Le DVD est un objet miraculeux, c’est vraiment l’aboutissement de ce qu’on espérait. Le fait est que les diffuseurs obligent aujourd’hui à réaliser plusieurs versions d’un même film en terme de durée. Ce qui est souvent une contrainte douloureuse. Mais on sait aujourd’hui qu’il existera une version qui sera celle que l’on a souhaitée et que permettra le DVD. C’est extraordinaire. Ça va également permettre à tous les gens, avec Classic Archive entre autres, d’avoir accès à des sources d’archives fabuleusement riches, ce qui me semble aussi être l’une des vocations premières du DVD. Il est important que toutes ces choses ne meurent pas. Mais de la même manière qu’on a le devoir de redonner vie à des documents du passé, il est essentiel de créer des archives pour l’avenir et le DVD permet justement cela. Le grand danger étant évidemment la surabondance. J’ai toujours tourné des séquences musicales en parallèle de mes films sur des musiciens vivants. De la musique dans son intégralité, de la musique prête a etre proposée sur le DVD pour faire en sorte que l’on ait d’une part un film et puis les éléments musicaux complets .

 

 

De fait, quels sont vos projets dans ce sens ?

 

Je dois avouer que la tentation de m’arrêter est très forte parce qu’il est de plus en plus difficile de monter des films pour tout un tas de raisons.

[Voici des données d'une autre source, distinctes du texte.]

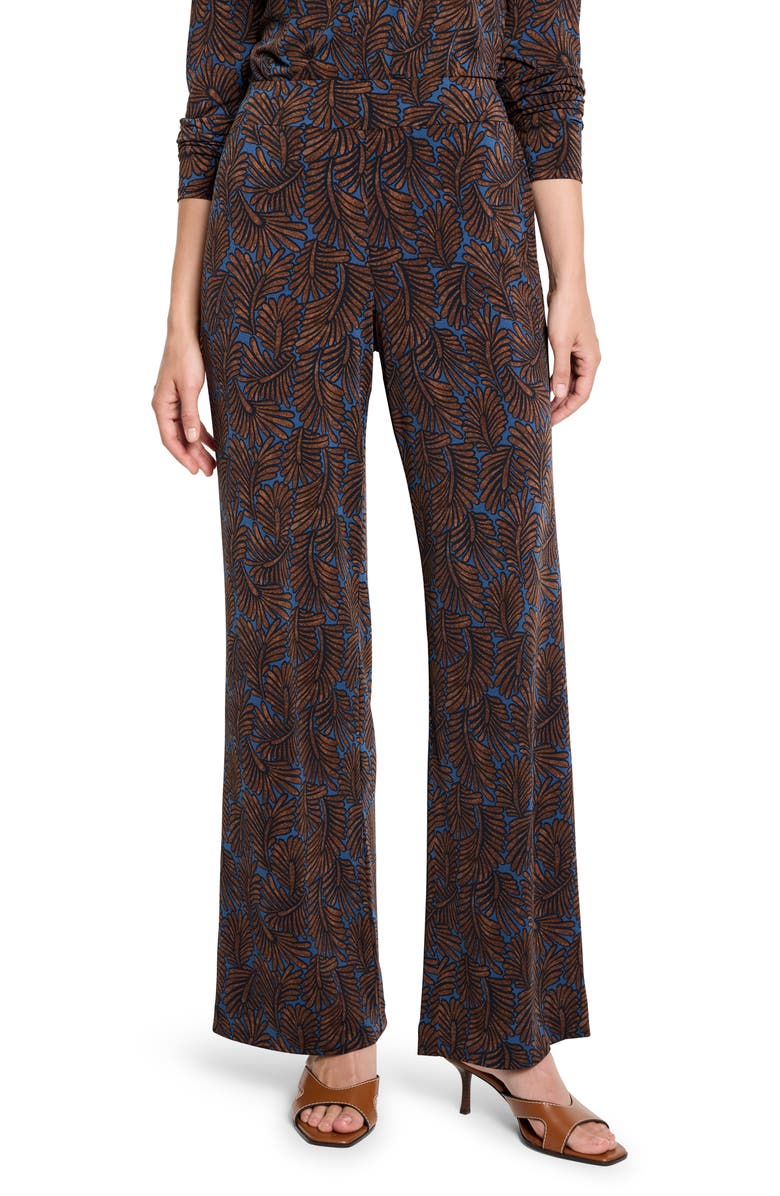 NIC+ZOE Feather Fern Print Wide Leg Pants, Main, color, Brown Multi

Sinon, oui, j’ai des désirs très forts. J’aimerais refaire quelque chose avec Piotr Anderszewski, qui est un musicien dont le discours est d’une intelligence prodigieuse. Valery Sokolov avec qui j’ai déjà fait un film (Un Violon dans l’âme) est sans aucun doute le violoniste du XXIe siècle et j’aimerais poursuivre mon travail avec lui mais sur du très long terme, constituer une sorte d’opus magnum, en quelque sorte. Néanmoins le projet qui me tient le plus à coeur est centré sur Julia Varady, (l’épouse de Dietrich Fischer-Dieskau, elle enseigne actuellement l’art lyrique en Allemagne).

 

Glenn Gould - Au delà Du Temps : premières dates de diffusion

19 Février 2006 (8PM) : ARTV (Canada)

25 Février 2006 : BBC (Angleterre)

Mars 2006 (à determiner) : TSR (Suisse)

13 Mai 2006 : Arte (France/Allemagne)

 

Ces dates sont les premières dont nous disposons et seront réactualisées régulièrement.